(Short web captions)
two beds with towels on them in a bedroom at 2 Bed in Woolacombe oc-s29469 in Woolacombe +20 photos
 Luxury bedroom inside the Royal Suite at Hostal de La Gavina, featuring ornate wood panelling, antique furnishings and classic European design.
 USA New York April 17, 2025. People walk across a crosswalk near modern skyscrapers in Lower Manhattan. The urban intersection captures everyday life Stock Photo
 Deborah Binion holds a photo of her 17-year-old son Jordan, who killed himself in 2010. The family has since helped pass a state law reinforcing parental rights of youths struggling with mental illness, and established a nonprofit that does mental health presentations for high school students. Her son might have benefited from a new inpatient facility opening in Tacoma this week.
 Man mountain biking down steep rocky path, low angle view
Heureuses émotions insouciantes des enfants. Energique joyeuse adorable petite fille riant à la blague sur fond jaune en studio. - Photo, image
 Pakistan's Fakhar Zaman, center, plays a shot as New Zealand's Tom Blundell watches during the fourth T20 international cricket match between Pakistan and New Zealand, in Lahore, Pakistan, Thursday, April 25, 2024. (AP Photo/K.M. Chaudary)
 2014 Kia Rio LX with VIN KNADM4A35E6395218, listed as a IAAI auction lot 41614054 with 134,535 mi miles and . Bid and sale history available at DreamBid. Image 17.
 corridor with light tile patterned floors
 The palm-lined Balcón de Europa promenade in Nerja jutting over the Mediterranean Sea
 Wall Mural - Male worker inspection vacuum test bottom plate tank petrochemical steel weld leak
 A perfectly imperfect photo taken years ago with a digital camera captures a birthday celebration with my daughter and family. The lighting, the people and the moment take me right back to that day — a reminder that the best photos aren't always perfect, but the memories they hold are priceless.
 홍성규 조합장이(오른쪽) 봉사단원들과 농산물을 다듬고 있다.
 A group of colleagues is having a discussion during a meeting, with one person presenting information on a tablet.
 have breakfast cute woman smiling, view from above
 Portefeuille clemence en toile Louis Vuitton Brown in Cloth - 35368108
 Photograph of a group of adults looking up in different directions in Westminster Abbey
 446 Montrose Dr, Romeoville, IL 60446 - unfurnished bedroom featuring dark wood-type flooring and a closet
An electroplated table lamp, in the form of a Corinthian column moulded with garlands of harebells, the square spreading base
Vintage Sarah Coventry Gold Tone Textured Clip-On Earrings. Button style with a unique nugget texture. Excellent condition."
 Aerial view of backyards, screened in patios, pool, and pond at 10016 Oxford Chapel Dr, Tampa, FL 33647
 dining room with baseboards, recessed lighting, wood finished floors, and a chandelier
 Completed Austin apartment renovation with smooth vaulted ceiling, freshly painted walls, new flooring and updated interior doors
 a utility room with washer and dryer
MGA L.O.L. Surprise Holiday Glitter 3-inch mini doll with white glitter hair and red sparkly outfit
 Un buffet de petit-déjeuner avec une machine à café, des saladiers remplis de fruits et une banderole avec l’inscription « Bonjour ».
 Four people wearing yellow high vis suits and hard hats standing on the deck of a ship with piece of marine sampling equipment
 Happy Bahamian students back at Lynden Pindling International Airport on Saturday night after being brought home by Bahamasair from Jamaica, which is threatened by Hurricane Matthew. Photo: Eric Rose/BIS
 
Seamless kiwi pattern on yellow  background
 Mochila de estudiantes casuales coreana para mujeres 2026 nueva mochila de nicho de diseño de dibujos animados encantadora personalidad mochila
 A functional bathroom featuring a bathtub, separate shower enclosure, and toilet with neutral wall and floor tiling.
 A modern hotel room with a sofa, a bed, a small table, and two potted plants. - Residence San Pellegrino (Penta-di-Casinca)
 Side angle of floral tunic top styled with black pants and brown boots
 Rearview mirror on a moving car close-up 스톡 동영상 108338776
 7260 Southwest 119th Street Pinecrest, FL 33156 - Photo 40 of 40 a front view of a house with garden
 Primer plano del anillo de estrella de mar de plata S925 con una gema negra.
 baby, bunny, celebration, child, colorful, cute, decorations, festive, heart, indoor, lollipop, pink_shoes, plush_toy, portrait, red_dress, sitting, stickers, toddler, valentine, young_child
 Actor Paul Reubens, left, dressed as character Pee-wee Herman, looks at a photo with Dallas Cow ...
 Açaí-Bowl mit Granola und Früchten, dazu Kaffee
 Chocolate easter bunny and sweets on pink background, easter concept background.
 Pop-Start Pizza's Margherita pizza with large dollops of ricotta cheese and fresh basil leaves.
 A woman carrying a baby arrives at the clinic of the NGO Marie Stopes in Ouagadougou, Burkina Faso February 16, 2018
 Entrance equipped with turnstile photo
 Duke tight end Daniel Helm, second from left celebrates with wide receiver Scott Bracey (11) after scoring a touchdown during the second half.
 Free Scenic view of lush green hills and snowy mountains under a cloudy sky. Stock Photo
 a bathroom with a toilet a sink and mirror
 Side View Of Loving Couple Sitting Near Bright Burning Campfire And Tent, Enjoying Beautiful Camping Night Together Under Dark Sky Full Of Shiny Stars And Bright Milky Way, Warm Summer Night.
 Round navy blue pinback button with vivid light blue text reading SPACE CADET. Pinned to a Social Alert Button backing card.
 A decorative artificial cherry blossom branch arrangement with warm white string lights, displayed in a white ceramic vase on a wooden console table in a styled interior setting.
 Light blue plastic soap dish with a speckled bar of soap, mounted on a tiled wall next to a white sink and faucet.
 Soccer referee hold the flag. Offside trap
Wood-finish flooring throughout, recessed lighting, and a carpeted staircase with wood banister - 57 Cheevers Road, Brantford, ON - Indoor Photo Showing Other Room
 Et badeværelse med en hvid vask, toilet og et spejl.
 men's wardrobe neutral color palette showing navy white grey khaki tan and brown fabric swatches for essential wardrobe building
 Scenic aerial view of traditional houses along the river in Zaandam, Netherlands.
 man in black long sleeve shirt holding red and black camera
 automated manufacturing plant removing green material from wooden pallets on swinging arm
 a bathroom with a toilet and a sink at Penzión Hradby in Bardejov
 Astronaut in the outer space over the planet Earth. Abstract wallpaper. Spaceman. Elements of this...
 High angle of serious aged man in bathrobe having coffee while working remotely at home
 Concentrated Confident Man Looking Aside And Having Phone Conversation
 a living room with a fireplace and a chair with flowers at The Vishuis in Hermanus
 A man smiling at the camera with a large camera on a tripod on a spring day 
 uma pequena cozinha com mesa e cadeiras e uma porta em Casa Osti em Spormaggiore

What to produce – From the records above, reproduce exactly the lines from the one with "A group of colleagues" to the one with "MGA L.O.L. Surprise", both included, and no others.

Finished task –
 A group of colleagues is having a discussion during a meeting, with one person presenting information on a tablet.
 have breakfast cute woman smiling, view from above
 Portefeuille clemence en toile Louis Vuitton Brown in Cloth - 35368108
 Photograph of a group of adults looking up in different directions in Westminster Abbey
 446 Montrose Dr, Romeoville, IL 60446 - unfurnished bedroom featuring dark wood-type flooring and a closet
An electroplated table lamp, in the form of a Corinthian column moulded with garlands of harebells, the square spreading base
Vintage Sarah Coventry Gold Tone Textured Clip-On Earrings. Button style with a unique nugget texture. Excellent condition."
 Aerial view of backyards, screened in patios, pool, and pond at 10016 Oxford Chapel Dr, Tampa, FL 33647
 dining room with baseboards, recessed lighting, wood finished floors, and a chandelier
 Completed Austin apartment renovation with smooth vaulted ceiling, freshly painted walls, new flooring and updated interior doors
 a utility room with washer and dryer
MGA L.O.L. Surprise Holiday Glitter 3-inch mini doll with white glitter hair and red sparkly outfit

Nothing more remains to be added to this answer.